Wednesday, June 6, 2012


In this case, the Appeal Board appears to set the standard that the conduct must be offensive to a reasonable person to be misconduct (emphasis supplied):

"Mailed and Filed: JANUARY 08, 2010

IN THE MATTER OF: Appeal Board No. 547526

OPINION: The credible evidence establishes that the claimant violated the employer's zero tolerance policy regarding sexual harassment and sexual discrimination by making lewd sexual comments and gestures toward a male subordinate and two female subordinates. In reaching this conclusion, it is noted that the female subordinate, who was later promoted, gave credible first hand testimony that over a period of months the claimant made lewd sexual comments and gestures and propositioned her for sexual relations. We find the testimony of this female subordinate to be credible because although she is no longer working for the employer she was willing to testify with particularity about the lewd sexual remarks and gestures made by the claimant. Because the claimant demonstrated a pattern of sexually inappropriate behavior towards the female subordinate who was later promoted, we credit the hearsay testimony of the employer over the claimant's self-serving denial of wrong doing with respect to the other female subordinate and the male subordinate. The claimant was aware of the employer's sexual harassment and sexual discrimination policy and signed an acknowledgement of this policy.
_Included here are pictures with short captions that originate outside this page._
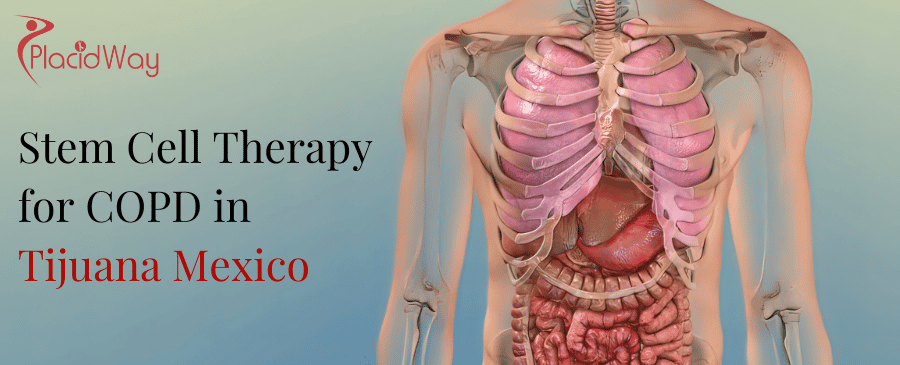 Stem Cell Therapy for COPD in Tijuana Mexico thumbnail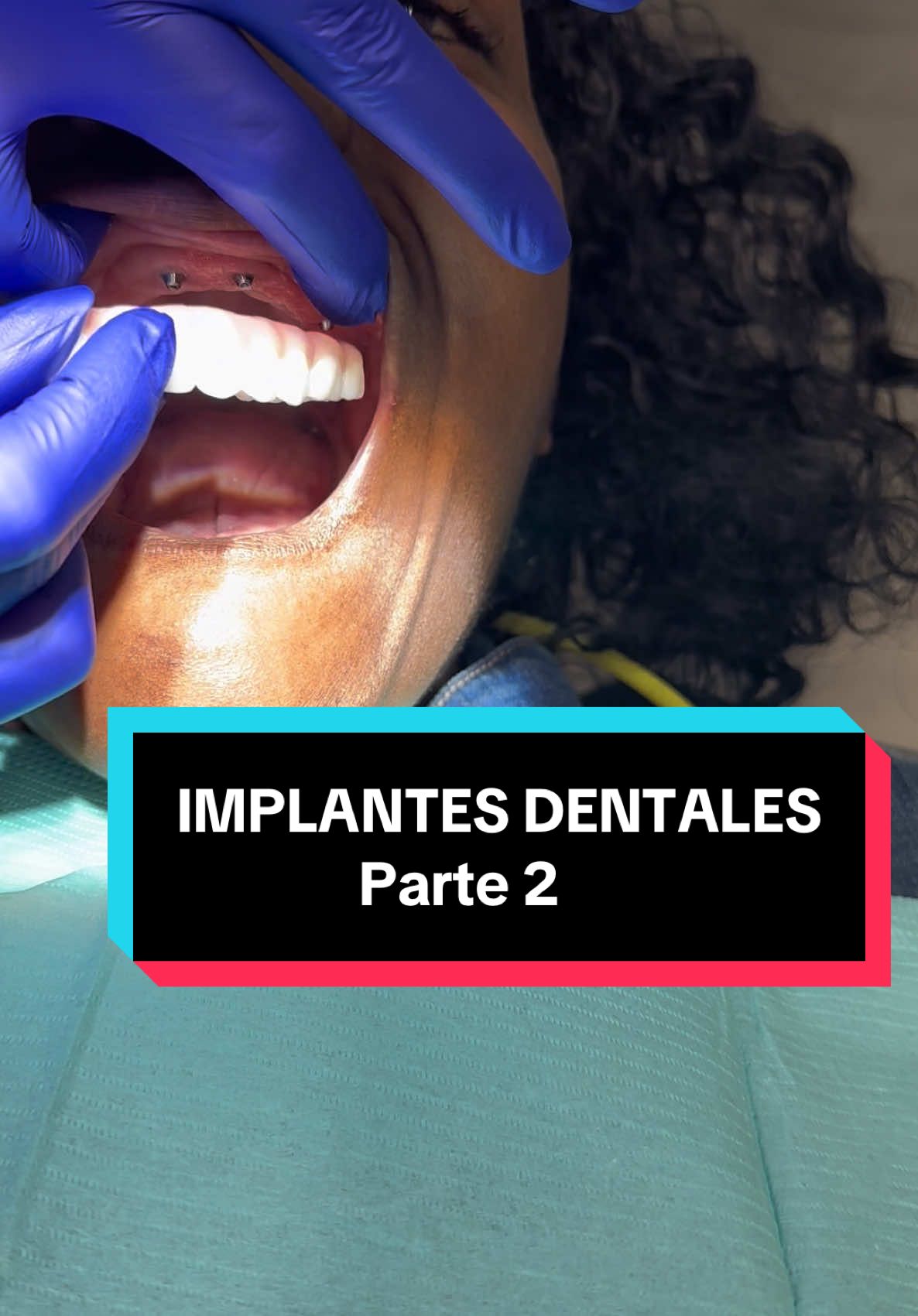 Los implantes dentales All-on-4 con dientes permanentes en un día son una solución avanzada para la rehabilitación dental completa. Aunque los pacientes reciben una prótesis fija el mismo día de la cirugía, el proceso de curación interna de los implantes dentro del hueso toma entre 3 a 6 meses. Durante este período, los implantes se integran con el hueso en un proceso llamado osteointegración, lo que les proporciona la estabilidad y resistencia necesarias para funcionar como dientes naturales. Durante los primeros meses, es importante seguir una dieta blanda para evitar ejercer demasiada presión sobre los implantes. Después de 6 meses, una vez completada la integración ósea, los pacientes pueden disfrutar de una dieta normal y comer de todo sin restricciones, recuperando la funcionalidad y estética de su sonrisa de manera segura y permanente #implantesdentales #cirugía #lasvegas #nuevayork #transformacion 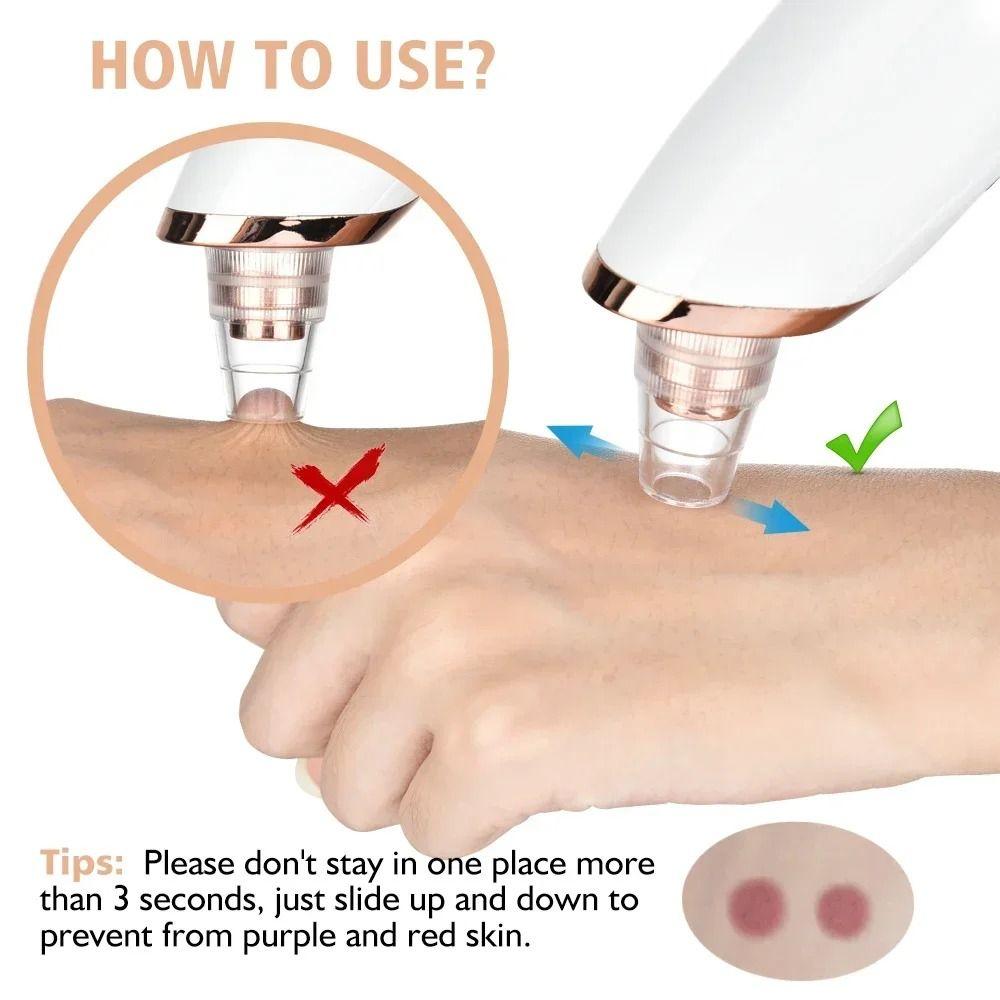 Deep Cleansing Electric Blackhead Remover 5 Suction Heads Blackhead Suction Device  Face Skin Care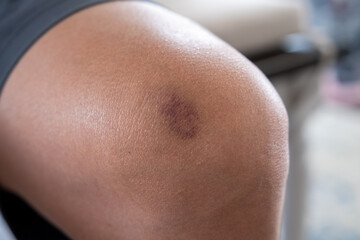 Bruised Knee after playing sports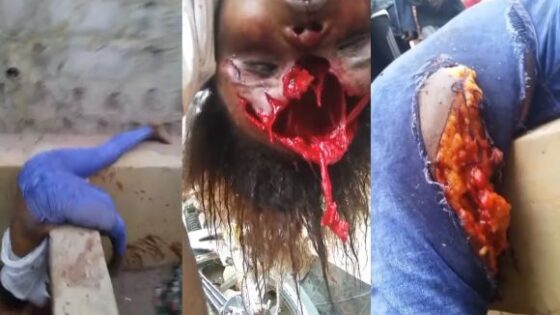 Horrible motorcycle accident in nigeria leaves woman in deplorable condition Photo 0001 Video Thumb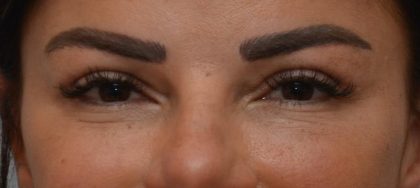 Blepharoplasty Before & After Patient #3194
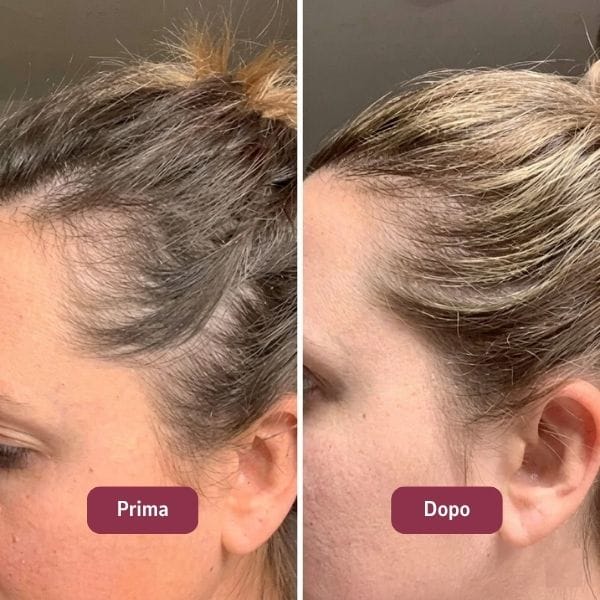 Prima e dopo — Chiara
Claimant's behavior demonstrated a pattern of sexually offensive actions towards subordinates and clearly violated the employer's zero tolerance policy for sexual harassment and discrimination. His conduct was offensive to a reasonable person. Even if the subordinates did not object to the claimant's behavior, as a manager the claimant knew or should have known that offensive remarks in the workplace are inappropriate.(AB No. 503568; AB No. 519706) The claimant's behavior was contrary to the employer's interests and fostered a hostile and intimidating work environment. Under the circumstances, the claimant's actions rise to the level of misconduct. Accordingly we conclude that the claimant was separated from his employment under disqualifying circumstances."